As a kid who grew up in the Bronx in the 70s and 80s and rode the trains constantly, I had a special interest in his behind-the-scenes stories of the workings of the city’s mass transit system.

I was spellbound by Jim’s deep reporting, exquisite attention to detail and, of course, his writing.

As fate would have it, Jim’s aunt and my mom were friends in the Parkchester neighborhood of the Bronx. Mom would regularly see my clips because her beloved butcher in the Bronx lived in the Hudson Valley where I worked and regularly cut out my articles to bring to her.

Mom arranged to hand off a sample of my clips to Jim and asked him to autograph the book, which he did:

“For Chris Mele, thanks for the clips (delivered by every newsman’s best friend — your mother) which were first rate. All the best, Jim Dwyer. 5 Dec. 94”

Fast-forward to 2000, and my first marriage disintegrated. Lost in the shuffle of the recriminations of divorce was my cherished autographed copy of Jim’s book.

But fate intervened a second time.

A colleague at the Middletown, N.Y., newsroom where I worked one day visited the local used book store run by the library. He happened to pluck a copy of “Subway Lives” from the shelves and took it home.

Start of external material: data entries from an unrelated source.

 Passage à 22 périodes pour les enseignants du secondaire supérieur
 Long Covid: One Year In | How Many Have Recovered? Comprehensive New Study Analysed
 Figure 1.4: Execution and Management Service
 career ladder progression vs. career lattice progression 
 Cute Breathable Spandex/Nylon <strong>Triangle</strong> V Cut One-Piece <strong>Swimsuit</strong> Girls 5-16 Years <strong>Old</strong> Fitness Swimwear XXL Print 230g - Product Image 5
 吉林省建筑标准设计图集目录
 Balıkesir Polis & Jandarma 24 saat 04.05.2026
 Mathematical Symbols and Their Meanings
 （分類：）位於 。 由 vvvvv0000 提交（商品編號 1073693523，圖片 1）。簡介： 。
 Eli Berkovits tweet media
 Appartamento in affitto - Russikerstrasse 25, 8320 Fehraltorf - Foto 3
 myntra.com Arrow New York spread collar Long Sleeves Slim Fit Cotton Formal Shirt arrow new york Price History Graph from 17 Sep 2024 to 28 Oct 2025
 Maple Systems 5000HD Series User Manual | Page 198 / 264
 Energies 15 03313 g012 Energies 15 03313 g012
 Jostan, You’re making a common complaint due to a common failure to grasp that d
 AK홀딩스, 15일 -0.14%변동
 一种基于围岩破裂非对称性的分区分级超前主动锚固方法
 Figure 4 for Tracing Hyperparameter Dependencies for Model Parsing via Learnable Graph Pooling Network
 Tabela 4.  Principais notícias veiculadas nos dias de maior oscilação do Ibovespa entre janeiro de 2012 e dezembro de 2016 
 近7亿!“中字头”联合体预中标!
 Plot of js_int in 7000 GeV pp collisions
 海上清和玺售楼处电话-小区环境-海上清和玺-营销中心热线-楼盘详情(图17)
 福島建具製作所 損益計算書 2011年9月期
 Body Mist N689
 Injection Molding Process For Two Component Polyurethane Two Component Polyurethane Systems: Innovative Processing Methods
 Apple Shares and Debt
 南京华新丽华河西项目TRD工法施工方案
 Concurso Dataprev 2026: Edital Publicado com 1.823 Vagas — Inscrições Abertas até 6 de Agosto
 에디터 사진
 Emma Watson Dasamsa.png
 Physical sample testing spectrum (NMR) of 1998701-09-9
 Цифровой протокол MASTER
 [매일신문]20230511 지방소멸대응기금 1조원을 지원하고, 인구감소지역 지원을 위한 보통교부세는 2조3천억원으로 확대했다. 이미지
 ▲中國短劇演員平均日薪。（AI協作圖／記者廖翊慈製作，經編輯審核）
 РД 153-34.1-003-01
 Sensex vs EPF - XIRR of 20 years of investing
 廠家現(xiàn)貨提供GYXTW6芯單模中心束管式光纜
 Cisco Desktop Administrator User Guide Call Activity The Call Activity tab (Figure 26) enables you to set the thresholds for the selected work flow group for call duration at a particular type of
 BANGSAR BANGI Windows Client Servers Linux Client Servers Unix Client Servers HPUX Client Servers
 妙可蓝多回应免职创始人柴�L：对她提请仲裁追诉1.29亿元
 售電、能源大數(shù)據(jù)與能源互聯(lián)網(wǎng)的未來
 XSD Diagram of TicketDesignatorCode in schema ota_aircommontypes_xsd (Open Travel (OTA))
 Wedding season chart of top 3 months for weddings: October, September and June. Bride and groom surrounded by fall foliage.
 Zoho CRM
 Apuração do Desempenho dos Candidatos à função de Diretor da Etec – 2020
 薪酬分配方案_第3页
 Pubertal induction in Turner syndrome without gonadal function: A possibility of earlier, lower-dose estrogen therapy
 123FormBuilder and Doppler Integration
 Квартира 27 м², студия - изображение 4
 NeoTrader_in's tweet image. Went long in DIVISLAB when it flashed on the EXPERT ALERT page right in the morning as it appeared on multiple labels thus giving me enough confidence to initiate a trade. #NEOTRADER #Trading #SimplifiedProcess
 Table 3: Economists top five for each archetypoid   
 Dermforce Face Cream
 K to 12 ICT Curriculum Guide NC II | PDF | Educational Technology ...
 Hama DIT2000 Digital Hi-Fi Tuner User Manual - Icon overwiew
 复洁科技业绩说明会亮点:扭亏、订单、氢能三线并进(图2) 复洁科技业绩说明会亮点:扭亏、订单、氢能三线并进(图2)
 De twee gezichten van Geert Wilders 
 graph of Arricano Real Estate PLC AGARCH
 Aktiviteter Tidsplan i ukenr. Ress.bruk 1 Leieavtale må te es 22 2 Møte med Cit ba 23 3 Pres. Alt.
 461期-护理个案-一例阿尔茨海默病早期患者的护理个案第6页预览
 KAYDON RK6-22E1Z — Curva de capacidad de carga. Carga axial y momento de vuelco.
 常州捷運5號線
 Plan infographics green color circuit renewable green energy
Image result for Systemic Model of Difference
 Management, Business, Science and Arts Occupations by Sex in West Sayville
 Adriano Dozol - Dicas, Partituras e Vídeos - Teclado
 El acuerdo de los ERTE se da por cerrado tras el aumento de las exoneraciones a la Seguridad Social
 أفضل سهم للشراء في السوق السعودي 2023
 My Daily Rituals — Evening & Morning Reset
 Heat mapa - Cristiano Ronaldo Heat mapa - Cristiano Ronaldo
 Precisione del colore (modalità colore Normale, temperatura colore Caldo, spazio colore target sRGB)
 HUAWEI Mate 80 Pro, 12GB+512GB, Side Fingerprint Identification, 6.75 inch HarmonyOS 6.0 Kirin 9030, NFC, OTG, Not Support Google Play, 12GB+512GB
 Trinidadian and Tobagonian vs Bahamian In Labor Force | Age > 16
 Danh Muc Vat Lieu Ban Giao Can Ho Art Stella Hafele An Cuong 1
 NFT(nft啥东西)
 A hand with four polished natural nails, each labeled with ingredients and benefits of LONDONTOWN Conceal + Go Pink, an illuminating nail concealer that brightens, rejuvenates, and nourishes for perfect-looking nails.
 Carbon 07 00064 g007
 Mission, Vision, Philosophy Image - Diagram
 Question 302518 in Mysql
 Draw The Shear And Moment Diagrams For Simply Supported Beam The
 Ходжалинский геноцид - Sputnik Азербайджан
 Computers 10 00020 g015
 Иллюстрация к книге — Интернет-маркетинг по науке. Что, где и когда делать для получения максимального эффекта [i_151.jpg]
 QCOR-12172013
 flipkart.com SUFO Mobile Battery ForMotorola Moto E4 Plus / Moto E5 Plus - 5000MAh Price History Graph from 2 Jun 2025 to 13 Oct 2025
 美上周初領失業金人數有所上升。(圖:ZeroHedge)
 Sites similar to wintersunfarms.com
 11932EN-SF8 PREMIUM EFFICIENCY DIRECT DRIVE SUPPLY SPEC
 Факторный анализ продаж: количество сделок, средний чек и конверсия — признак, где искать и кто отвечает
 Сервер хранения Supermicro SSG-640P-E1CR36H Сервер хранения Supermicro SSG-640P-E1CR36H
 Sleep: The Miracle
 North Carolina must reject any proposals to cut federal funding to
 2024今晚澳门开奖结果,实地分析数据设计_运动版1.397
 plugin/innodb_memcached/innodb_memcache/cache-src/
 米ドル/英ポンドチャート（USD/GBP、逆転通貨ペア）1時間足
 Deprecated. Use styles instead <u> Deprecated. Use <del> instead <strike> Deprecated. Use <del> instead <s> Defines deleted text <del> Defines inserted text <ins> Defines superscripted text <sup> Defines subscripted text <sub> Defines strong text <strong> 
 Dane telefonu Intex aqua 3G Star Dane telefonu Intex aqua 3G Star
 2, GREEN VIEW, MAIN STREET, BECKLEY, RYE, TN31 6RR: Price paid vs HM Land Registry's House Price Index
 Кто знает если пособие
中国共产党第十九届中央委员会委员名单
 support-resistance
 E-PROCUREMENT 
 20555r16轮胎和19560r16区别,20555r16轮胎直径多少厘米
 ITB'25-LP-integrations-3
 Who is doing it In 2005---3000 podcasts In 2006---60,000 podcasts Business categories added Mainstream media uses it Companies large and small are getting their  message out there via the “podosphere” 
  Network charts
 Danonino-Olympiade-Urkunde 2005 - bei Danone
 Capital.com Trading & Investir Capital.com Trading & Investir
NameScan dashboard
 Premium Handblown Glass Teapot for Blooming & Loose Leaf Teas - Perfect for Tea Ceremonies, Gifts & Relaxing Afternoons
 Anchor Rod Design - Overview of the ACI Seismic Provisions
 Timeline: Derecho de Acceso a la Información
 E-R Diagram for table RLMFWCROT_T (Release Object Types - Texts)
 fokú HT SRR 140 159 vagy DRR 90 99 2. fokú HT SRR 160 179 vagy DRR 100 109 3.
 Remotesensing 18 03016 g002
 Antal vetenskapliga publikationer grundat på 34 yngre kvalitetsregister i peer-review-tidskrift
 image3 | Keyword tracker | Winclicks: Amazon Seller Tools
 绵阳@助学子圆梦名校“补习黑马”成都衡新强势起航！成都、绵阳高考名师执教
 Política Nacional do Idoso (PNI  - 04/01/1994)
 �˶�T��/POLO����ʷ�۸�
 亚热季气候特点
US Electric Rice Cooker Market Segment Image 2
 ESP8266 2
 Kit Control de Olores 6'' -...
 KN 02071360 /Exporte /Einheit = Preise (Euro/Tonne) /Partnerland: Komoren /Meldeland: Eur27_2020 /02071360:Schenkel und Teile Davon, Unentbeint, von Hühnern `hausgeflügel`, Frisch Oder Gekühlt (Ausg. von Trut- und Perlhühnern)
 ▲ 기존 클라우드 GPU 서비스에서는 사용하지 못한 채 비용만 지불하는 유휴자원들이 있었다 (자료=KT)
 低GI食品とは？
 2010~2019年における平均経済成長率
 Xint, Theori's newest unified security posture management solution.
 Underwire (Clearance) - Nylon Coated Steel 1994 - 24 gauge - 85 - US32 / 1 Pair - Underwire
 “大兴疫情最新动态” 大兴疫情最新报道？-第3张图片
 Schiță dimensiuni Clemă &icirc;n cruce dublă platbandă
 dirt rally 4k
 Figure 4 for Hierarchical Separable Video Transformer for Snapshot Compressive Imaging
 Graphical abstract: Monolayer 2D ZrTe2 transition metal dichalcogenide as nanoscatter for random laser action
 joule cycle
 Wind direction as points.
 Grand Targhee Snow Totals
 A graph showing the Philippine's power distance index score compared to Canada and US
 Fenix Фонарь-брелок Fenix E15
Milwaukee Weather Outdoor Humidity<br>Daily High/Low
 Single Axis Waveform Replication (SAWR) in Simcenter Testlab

My colleague spotted the inscription and asked whether I had once owned an autographed copy of the book. I was reunited with it and it has had a special place on my bookshelf ever since. 

As if that were not enough, fate intervened one more time.

I somehow convinced The New York Times to hire me in 2014, and I’m assigned to the Metro copy desk, where — you guessed it — I was occasionally asked to copy-edit Jim’s columns.

To say I felt I was not fit to hold Jim’s notepad would be an understatement. 

But for someone who was as accomplished and well-known as Jim, there was not an ounce of airs and graces to him.

He was funny and generous. He was always a gentleman and a pleasure to work with, even though he always tested the outer limits of print deadlines and was lousy with the spellings of proper names. (Sorry, Jim.)

In 2013, a year before I joined The Times and before I met Jim in real life, I saw “Lucky Guy” on Broadway. 

The production told the story of Mike McAlary, the celebrated cop reporter for New York Newsday, who died at 41. 

Jim was a featured character in the show and I emailed him after to say how much I enjoyed the production and how much I enjoyed working at New York Newsday as a college intern.

Jim, ever gracious again, wrote me — a total stranger — a long note, part of which read:

“I think every journo at middle age, or approaching it, ought to see Lucky Guy. There are a few scenes in there that will make them all realize what lucky guys we are.”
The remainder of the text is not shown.